【君に逢いたくて〜四〜】 P:06


「大きな音がするだけでしょう?お兄さんが怒鳴る方が怖くないですか?」
「それに、それにびかって!光るんだもん!…さくぅ…」
 自分の言葉と想像に怯えたのか、桜太は立ち上がって思いきり朔にしがみついた。
「お兄さんは?」
「兄ちゃんは町行ってる…夜には帰るって言ってたけど…」
「まだ随分ありますね。じゃあ、こちらへいらっしゃい」
 こんな岩が剥きだしの牢獄よりも、家にいる方がいくらかましだと思うのに。出会ってまだ僅かのの自分に信頼を寄せ、ここへ駆け込んで来たのだ。朔の心にじわりと愛しさが込み上げる。

 寝所へ桜太を連れて行った朔は、何枚かの着物と夜着で桜太をくるんで抱きしめた。
「こうしていたら、少しは怖くないでしょう?」
「うん…。朔は?怖くないの?」
「大丈夫ですよ。…ねえ桜太。一人のときはどうしていたんです?」
「……行李に……」
「行李?」
「うん。行李の着物を全部出して、中に入ってるの…」
「……。それは、その方が怖いような気がするんですけどねえ」
 くすくす笑う朔は、桜太の頭を何度かぽんぽん、と軽く叩いた。
「桜太、雷様は絶対にここへ来ませんから、安心して?」
「……うん」
「雷様のお仕事が済むまで、ここにいなさい。一緒に待っていましょうね」
 朔の言葉に、桜太はもぞもぞと動き、くるまれているたくさんの布の中から小さな手を出すと、朔の着物を掴んだ。
「仕事?なの…?」
「そうですよ。雷様はね、ああして冷たい空とあったかい空を擦り合わせて、光を紡ぐんです。急いでいらっしゃるから、大きな音がしてしまうんですけどね」
「…………」
「でも雷様がいらっしゃらないと、稲が実らないんですよ。豊作にならないと、みんな困るでしょう?だから雷様は、慌てて色んなところへ出向いていらっしゃるんです。少しの間、大きな音がしても我慢して待っていましょうね」
 桜太は不思議そうに朔を見上げる。小さな手で朔の着物を握り締めたまま、衝立の向こうに見える空を見つめ、もう一度朔を見つめた。
「雷様は、ここへは来ない?」
「ええ、大丈夫です」
「でも兄ちゃんがね、悪いことすると、雷様に攫われるぞって」
「…またあの男は…くだらない事を」
 溜息をついて、朔は桜太を抱きしめる。
 そんなことを言い出したら、桜太より先に圭吾の方が攫われているだろうに。
 でもなんとなく、自分が口にした下らない冗談に、桜太が必要以上に怖がってしまって、困った圭吾がまた不貞腐れた顔をしていたんじゃないかと。そんな想像が頭を過ぎり、朔は頬を緩めた。

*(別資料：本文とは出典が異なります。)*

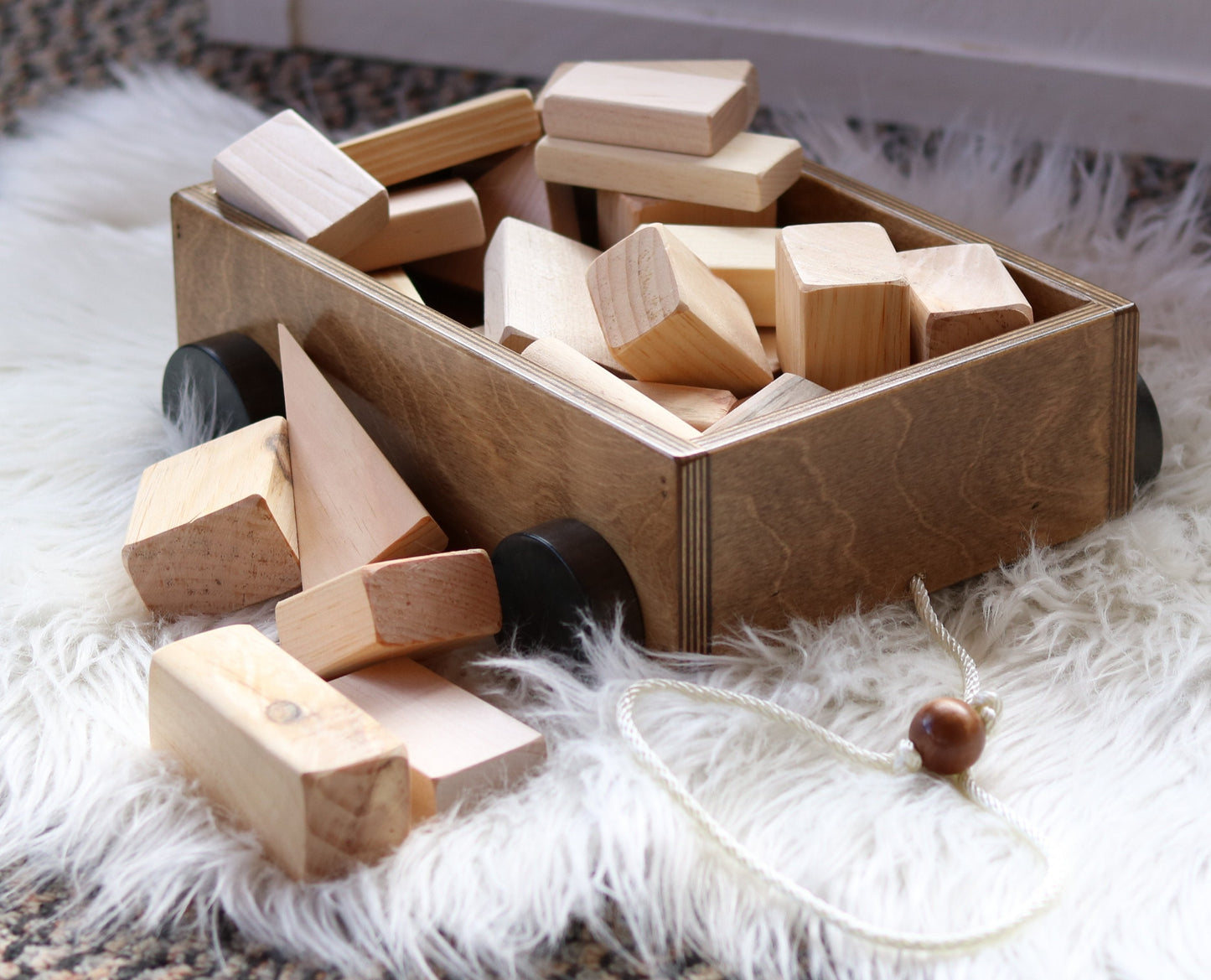 Amish Wooden Toddler Pull Wagon Toy with Wood Building Blocks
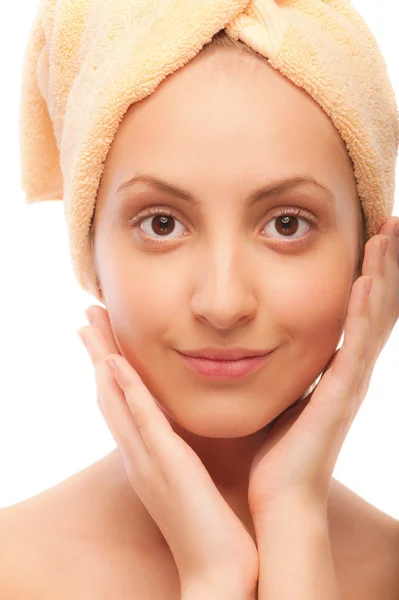 Portrait of young beautiful woman after bath — Stock Photo, Image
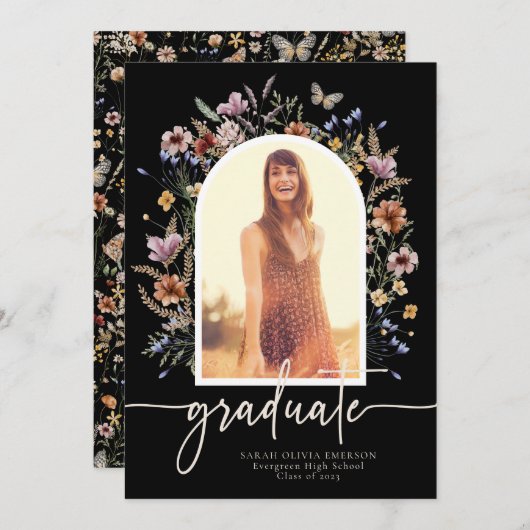 Ankündigung von Floral Black Graduate (Vorne/Hinten)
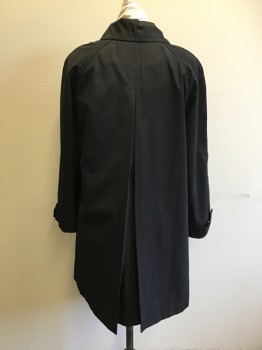 N/L, Black, Polyester, Solid, Button Front, Raglan Long Sleeves, Button Tab Cuffs, 2 Pockets, Collar Attached, Box Pleat Center Back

「雷様は、お忙しいですから。悪い子を探したりしている暇、ないと思うんですけどねえ…。桜太は何か、悪いことをしたんですか?」
「してないよ!して、ないけど…」
「けど?」
「…………」
「正直に言ってごらん」
 笑みを浮かべる朔の前で、桜太は深刻な表情のまま、じっと暗くなっていく空を見ていた。あまりにも思いつめた表情だ。
「…桜太…?」
「ねえ朔。ぼくね、邪魔じゃないかな…」
「邪魔って…桜太が?」
「うん…兄ちゃんね、ずっと一人でしょう?村の人たちが兄ちゃんに、お嫁さん探してあげるって言っても、兄ちゃんはいらないって言うんだって」
「…………」
「みんなね、ぼくがいるからかなあって、言ってるの」
「誰かに言われたんですか?」
「ううん、言われてない。でも知ってる…。聞いたもん。桜太が気掛かりなのかねえって、みんなが言ってるの」
 子供は、大人が思うよりずっとたくさんの事を聞いて、たくさん考えるのだ。切なくなって、朔には慰めてやる言葉が見つからない。
「桜太…」
「兄ちゃんね、ぼくがいなかったら、お嫁さん貰うのかな。ぼくがいるから、兄ちゃんは一人なの?…兄ちゃんがね、ぼくには足があるんだから、行きたいところがあったら行ってもいいんだって言うときがあって。…兄ちゃんは、ぼくと同じ年のときにはもう、一人だったんだって」
「…そう、なんですか?」
 圭吾が?こんな幼い年に、もう親元を離れていたと?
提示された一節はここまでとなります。